We need to use the sequencing syntax `start:stop` to extract a subset of values from a list. Note that the `stop` value is not included in the output.

In [None]:
# Extract the first two entries from x using a slice `0:2`


You can omit the end point of the sequence to extract all values from the start index to the end of the list by leaving the `stop` index blank.

In [None]:
# extract all entries except the first entry using a slice


You can also omit the start of the sequence to extract all values until a certain point by leaving the `start` index blank:

In [None]:
# Extract the first two entries from x using a slice 


You can also use the `start:stop:step` syntax to take every `step`-th value from the list.

In [None]:
# Extract every second entry starting from the first entry (index 0) and ending with the fourth entry (index 3)


In [None]:
# Extract every second entry starting from the first entry (index 0)
# start:stop:step -- leaving stop blank will go to the end, i.e., start::step


### Negative indexing

In [None]:
# look at x again
x

What do you think the following code will return?

In [None]:
x[-2]

Negative indexing involves indexing from the *end* of the list. So `x[-1]` gives the last value in the list, `x[-2]` gives the second-to-last value in the list, and so on.
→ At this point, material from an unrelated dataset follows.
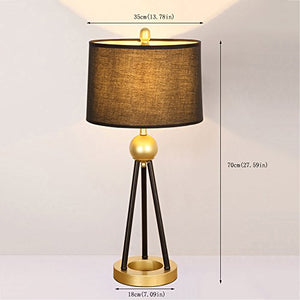 VejiA Modern Iron Desk Lamp with Cloth Shade and Golden Triangle Base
The following code will return the list in reverse order. Can you explain why?

In [None]:
x[::-1]

### Updating values with slicing

In [None]:
# take a look at x
x

In [None]:
# replace the second and third entries with apple and banana


In [None]:
# take a look at x now


### Exercise

For the following list

In [None]:
a = [3, 1, 4, 9, 10, 3]

Write some code to do the following:

1. Extract the fifth entry in the list

1. Extract the last four entries in the list

1. Extract the first four entries in the list

1. Extract the third-last entry in the list 

1. Extract every second entry in the list, starting from the second entry

1. Return the list with its entries in reverse order

In [None]:
# extract the fifth entry


In [None]:
# extract the last four entries in the list


In [None]:
# extract the first four entries in the list


In [None]:
# extract the third last entry in the list


In [None]:
# extract every second entry starting from the second entry


In [None]:
# return the list entries in reverse order


### List comprehension

Suppose that we wanted to add 1 to each entry in `a` from the exercise above. Would the following code work?

In [None]:
a + 1

The way to conduct element-wise operations on a list is to use list comprehension (another way would be to use a "for loop"). 

In [None]:
# list comprehension for adding 1 to each value in a


The general syntax for list comprehension is: 

`[expression for item in list]`

where `expression` is the operation you want to conduct on each item in the list.

In [None]:
# list comprehension for squaring each value in a


### Exercise

Use list comprehension to add the text `', Australia'` to the end of each string in the following list:

In [None]:
my_list = ['Sydney', 'Melbourne', 'Brisbane', 'Adelaide', 'Perth']

In [None]:
# solution:


### Gapminder list comprehension example

Let's look at a more interesting example.

In [None]:
# load in gapminder
gapminder = pd.read_csv('data/gapminder.csv')
# create a copy of gapminder to modify


Suppose that I wanted to change all of the column names to uppercase.

In [None]:
# print out the original columns


In [None]:
# Manually change the names of all columns to uppercase


In [None]:
# reset to the original columns


Instead I could use list comprehension together with the `.upper()` string method to do this in one line of code.

In [None]:
# use a list comprehension to create a list of upper case column names


In [None]:
# update the column names with the upper case names


## Exercise

Using list comprehension, write some code to extract the first four letters of each country name in the country column of gapminder (advanced challenge: remove duplicated country names).